## PROBLEM STATEMENT
Omit the pictures and return exactly the stretch of the material below from the line with "Lot de 3 tee-shirt" through the line with "Dr. Cara Erkut".

━━ EXTRACTED RECORDS

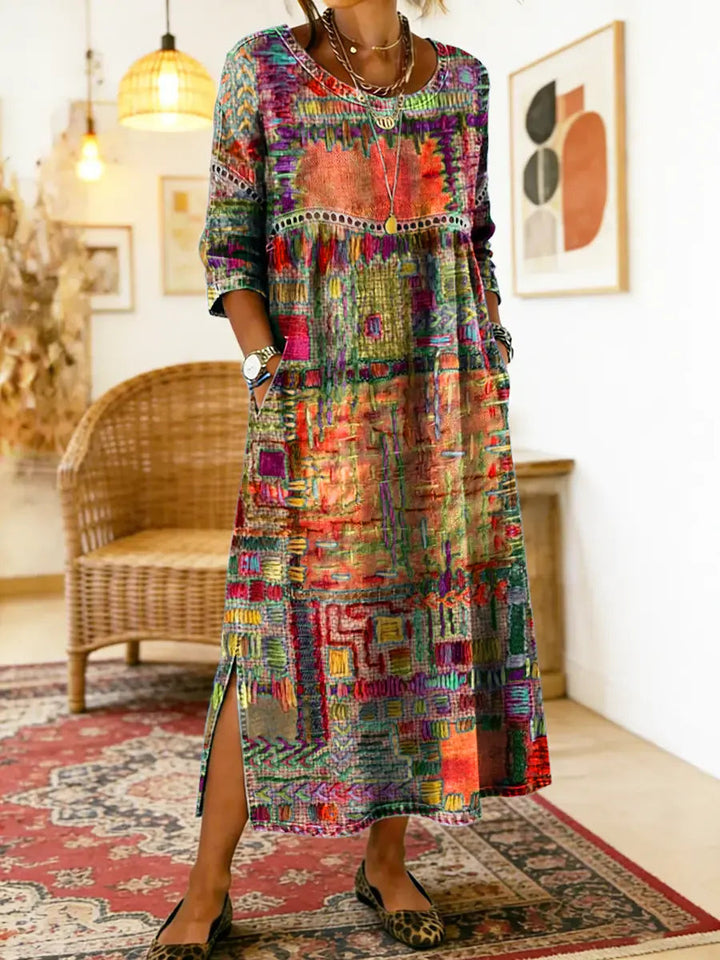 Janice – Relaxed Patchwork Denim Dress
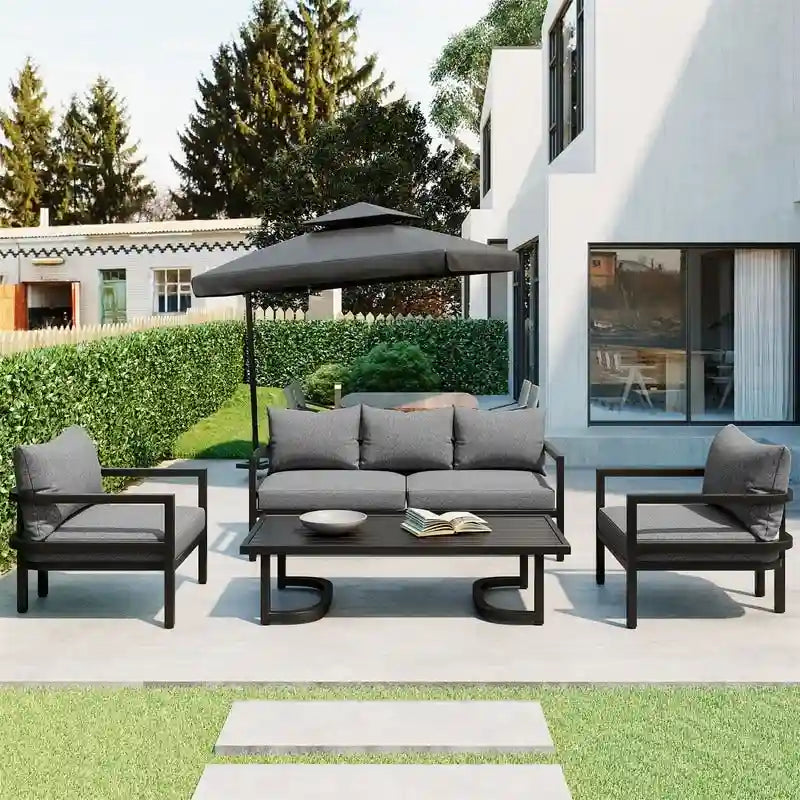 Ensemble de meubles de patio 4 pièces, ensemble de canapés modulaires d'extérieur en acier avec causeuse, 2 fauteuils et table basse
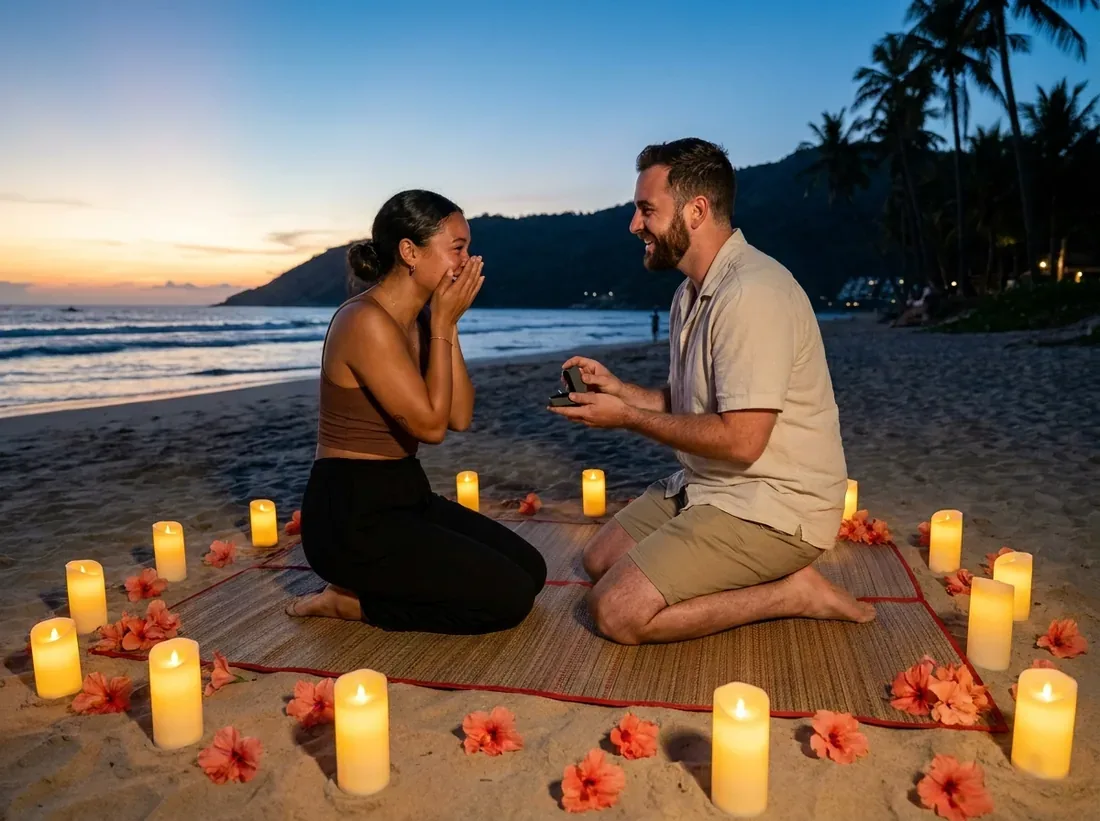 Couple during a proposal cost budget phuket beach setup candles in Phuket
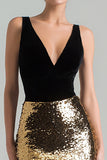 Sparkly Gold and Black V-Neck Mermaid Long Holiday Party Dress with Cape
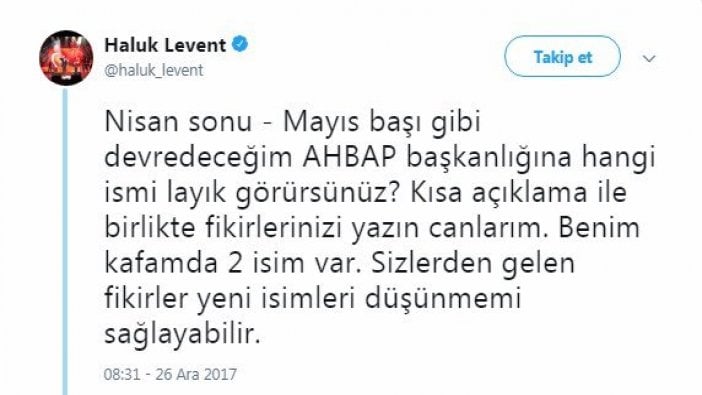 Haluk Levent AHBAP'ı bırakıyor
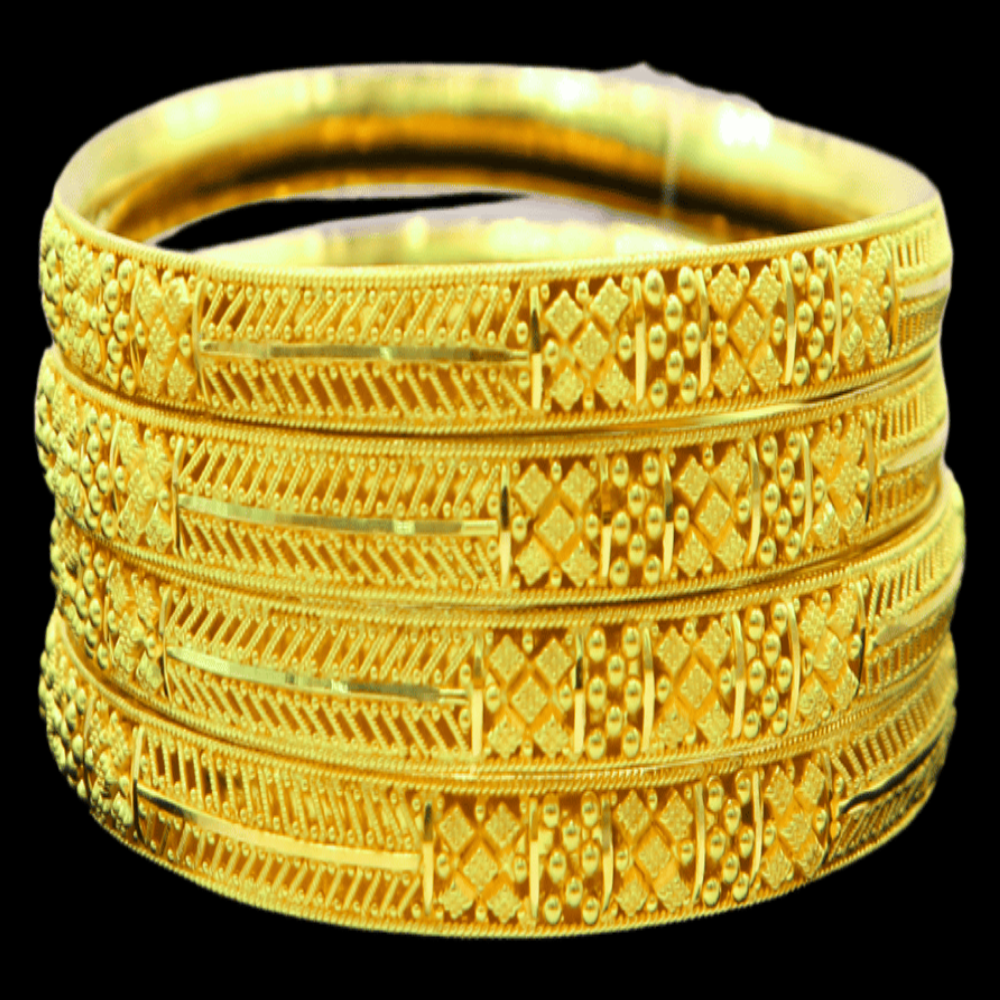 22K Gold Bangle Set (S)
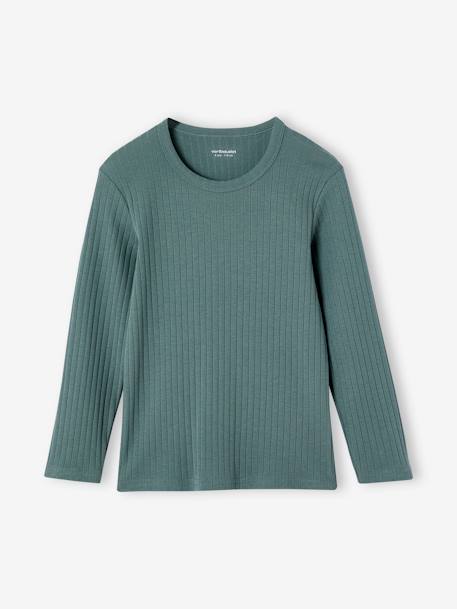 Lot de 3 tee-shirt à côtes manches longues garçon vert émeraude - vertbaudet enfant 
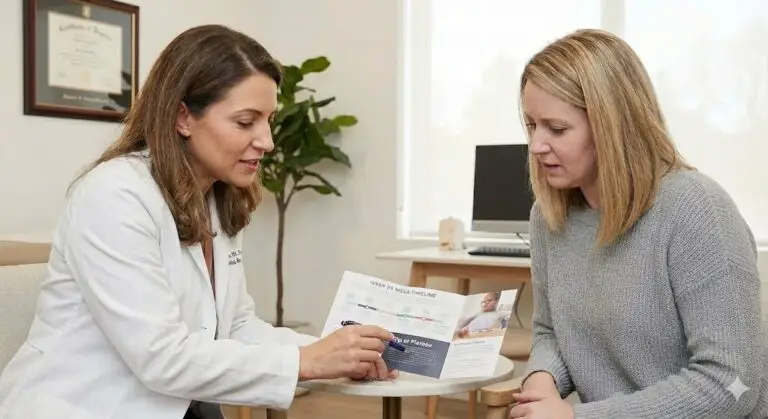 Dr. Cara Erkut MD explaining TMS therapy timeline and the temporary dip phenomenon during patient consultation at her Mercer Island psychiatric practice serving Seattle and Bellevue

━━━━
━━ EXTRACTED RECORDS

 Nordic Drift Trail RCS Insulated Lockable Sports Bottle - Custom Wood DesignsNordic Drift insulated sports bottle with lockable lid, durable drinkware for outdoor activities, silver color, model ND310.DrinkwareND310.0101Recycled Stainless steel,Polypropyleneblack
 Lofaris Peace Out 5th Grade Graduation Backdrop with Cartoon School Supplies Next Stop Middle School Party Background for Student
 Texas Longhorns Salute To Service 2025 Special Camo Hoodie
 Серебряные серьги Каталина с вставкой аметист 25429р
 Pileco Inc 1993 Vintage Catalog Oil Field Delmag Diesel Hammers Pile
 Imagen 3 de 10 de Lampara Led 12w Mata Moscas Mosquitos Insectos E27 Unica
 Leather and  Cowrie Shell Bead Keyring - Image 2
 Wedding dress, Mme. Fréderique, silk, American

━━━━

## RESULT OF THE TASK
 Lot de 3 tee-shirt à côtes manches longues garçon vert émeraude - vertbaudet enfant 
 Dr. Cara Erkut MD explaining TMS therapy timeline and the temporary dip phenomenon during patient consultation at her Mercer Island psychiatric practice serving Seattle and Bellevue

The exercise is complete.